Nigerian actress and director (born 1961)

Joke Silva MFR is a veteran Nigerian actress, director, and businesswoman.

In 1998, she had a major role, starring opposite Colin Firth and Nia Long in the British-Canadian film The Secret Laughter of Women. In 2006, she won "Best Actress in a Leading Role" at the 2nd Africa Movie Academy Awards for her performance in Women's Cot, and "Best Actress in a Supporting Role" at the 4th Africa Movie Academy Awards in 2008 for her performance as a grandmother in White Waters.

Silva was married to veteran actor Olu Jacobs from 1989 to his death in 2026. The couple founded and operated the Lufodo Group, a media corporation that consists of film production, distribution assets, and the Lufodo Academy of Performing Arts where she serves as Director of Studies. She is also the pioneer managing director of Malete Film Village, in association with Kwara State University.

On 29 September 2014, Silva received recognition as a Member of the Order of the Federal Republic, one of Nigeria's National Honours, at the International Conference Centre in Abuja.

== Early life ==
Silva was born in Lagos, Nigeria, into a Saro/Amaro family of four children. Her mother, the pioneering doctor Adebimbola Silva, died in July 2015. Her father, Chief Emmanuel Afolabi Silva, was a lawyer, and her great-grandfathers were the prominent Colonial Nigerians Charles Phillips and Samuel Herbert Pearse.

==Education==
Silva attended Holy Child College in Lagos.
A graduate of the University of Lagos and the Webber Douglas Academy of Dramatic Art in London, Silva began her career in film in the early 1990s. At university she was part of a cultural group that included the playwright Bode Osanyin and the singer Stella Monye. She took a year off from her studies, during which time she began working as an actress before relocating to England where she studied Drama at the Webber Douglas Academy of Dramatic Art in London. Initially, her parents were opposed to Silva's decision to go into the theatre but they soon began to support her, happy at the success she made of her career. During a slow period of her career, Silva returned to school, studying English at the University of Lagos.

== Career ==
===Earlier roles (1990–2004)===
Silva has starred in numerous films and television series in both the English and Yoruba languages. One of her earliest roles was in the 1990 English television series Mind Bending.
In 1993, she appeared in Owulorojo, followed by Violated in 1996. In 1998, she starred opposite Colin Firth and Nia Long in the British-Canadian film The Secret Laughter of Women, in which she portrayed Nene. Author Finola Kerrigan noted that Silva stood out as an exceptional actress in the Nigerian film industry after mentioning her role.

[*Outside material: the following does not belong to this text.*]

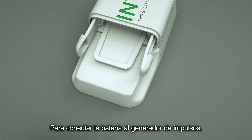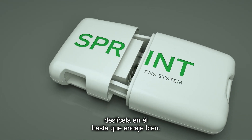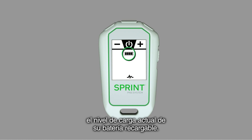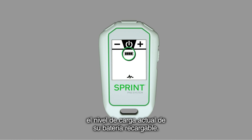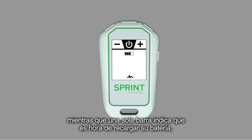To connect the battery to the pulse generator, slide the battery into the pulse generator until it clicks into place. The battery icon on the handheld remote will indicate the current charge level of your rechargeable battery. Four bars indicate a full battery charge, while a single bar indicates that it's time to recharge your battery.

In 2002, Silva starred opposite Bimbo Akintola in Keeping Faith. Akintola later cited Silva, whom she refers to as "Aunty Joke", as a major career influence, adding, "Silva has done a lot, but it's not even about the things that she did, it's about the things she didn't realize that she did". Also in 2002, Silva co-produced and starred in The Kingmaker with Olu Jacobs. This was followed by roles in pictures such as A Husband's Wife (2003), Shylock (2004), and A Past Came Calling (2004).

===Critical success (2006–present)===
In 2006, Silva was awarded the "Best Actress in a Leading Role" award at the 2nd Africa Movie Academy Awards for her role in Women's Cot.
Later that year, Silva starred opposite Genevieve Nnaji in Mildred Okwo's action thriller 30 Days, which received 10 nominations at the Africa Movie Academy Awards in 2008.
She also narrated Jeta Amata's Anglo-Nigerian production The Amazing Grace, which was shot in Calabar. The film was lauded by critics, and was nominated for 11 Africa Movie Academy Awards. The News noted Silva's "song-like voice, [which] provides insight to the actions".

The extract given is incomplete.